* _Work item_
Repeat every entry exactly. Leave nothing out.

Input for this task Start Marker

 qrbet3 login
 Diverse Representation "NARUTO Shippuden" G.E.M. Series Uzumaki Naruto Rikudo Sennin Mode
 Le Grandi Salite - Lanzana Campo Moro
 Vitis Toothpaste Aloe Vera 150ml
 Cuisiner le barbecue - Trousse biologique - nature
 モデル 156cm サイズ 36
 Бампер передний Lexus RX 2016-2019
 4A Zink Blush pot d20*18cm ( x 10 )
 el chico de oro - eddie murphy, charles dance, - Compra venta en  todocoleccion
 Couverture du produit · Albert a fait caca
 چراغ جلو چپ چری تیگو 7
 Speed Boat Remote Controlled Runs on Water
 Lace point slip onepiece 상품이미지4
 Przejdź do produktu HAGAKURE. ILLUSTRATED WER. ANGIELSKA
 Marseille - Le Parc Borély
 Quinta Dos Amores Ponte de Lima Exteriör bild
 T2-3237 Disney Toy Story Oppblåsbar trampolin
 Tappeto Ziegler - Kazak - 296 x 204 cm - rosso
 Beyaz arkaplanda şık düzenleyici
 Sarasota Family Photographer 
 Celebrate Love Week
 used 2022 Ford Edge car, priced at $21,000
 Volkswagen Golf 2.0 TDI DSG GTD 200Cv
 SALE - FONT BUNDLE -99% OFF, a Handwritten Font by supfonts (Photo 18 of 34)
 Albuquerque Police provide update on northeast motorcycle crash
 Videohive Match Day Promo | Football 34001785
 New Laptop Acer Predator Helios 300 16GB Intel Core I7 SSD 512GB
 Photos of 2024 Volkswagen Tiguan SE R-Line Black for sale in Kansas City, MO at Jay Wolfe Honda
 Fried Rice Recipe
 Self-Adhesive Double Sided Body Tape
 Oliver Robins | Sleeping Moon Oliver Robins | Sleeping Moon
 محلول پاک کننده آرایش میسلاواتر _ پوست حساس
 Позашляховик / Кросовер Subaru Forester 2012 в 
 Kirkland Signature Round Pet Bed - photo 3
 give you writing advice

Input for this task End Marker

* _Exercise output_
 qrbet3 login
 Diverse Representation "NARUTO Shippuden" G.E.M. Series Uzumaki Naruto Rikudo Sennin Mode
 Le Grandi Salite - Lanzana Campo Moro
 Vitis Toothpaste Aloe Vera 150ml
 Cuisiner le barbecue - Trousse biologique - nature
 モデル 156cm サイズ 36
 Бампер передний Lexus RX 2016-2019
 4A Zink Blush pot d20*18cm ( x 10 )
 el chico de oro - eddie murphy, charles dance, - Compra venta en  todocoleccion
 Couverture du produit · Albert a fait caca
 چراغ جلو چپ چری تیگو 7
 Speed Boat Remote Controlled Runs on Water
 Lace point slip onepiece 상품이미지4
 Przejdź do produktu HAGAKURE. ILLUSTRATED WER. ANGIELSKA
 Marseille - Le Parc Borély
 Quinta Dos Amores Ponte de Lima Exteriör bild
 T2-3237 Disney Toy Story Oppblåsbar trampolin
 Tappeto Ziegler - Kazak - 296 x 204 cm - rosso
 Beyaz arkaplanda şık düzenleyici
 Sarasota Family Photographer 
 Celebrate Love Week
 used 2022 Ford Edge car, priced at $21,000
 Volkswagen Golf 2.0 TDI DSG GTD 200Cv
 SALE - FONT BUNDLE -99% OFF, a Handwritten Font by supfonts (Photo 18 of 34)
 Albuquerque Police provide update on northeast motorcycle crash
 Videohive Match Day Promo | Football 34001785
 New Laptop Acer Predator Helios 300 16GB Intel Core I7 SSD 512GB
 Photos of 2024 Volkswagen Tiguan SE R-Line Black for sale in Kansas City, MO at Jay Wolfe Honda
 Fried Rice Recipe
 Self-Adhesive Double Sided Body Tape
 Oliver Robins | Sleeping Moon Oliver Robins | Sleeping Moon
 محلول پاک کننده آرایش میسلاواتر _ پوست حساس
 Позашляховик / Кросовер Subaru Forester 2012 в 
 Kirkland Signature Round Pet Bed - photo 3
 give you writing advice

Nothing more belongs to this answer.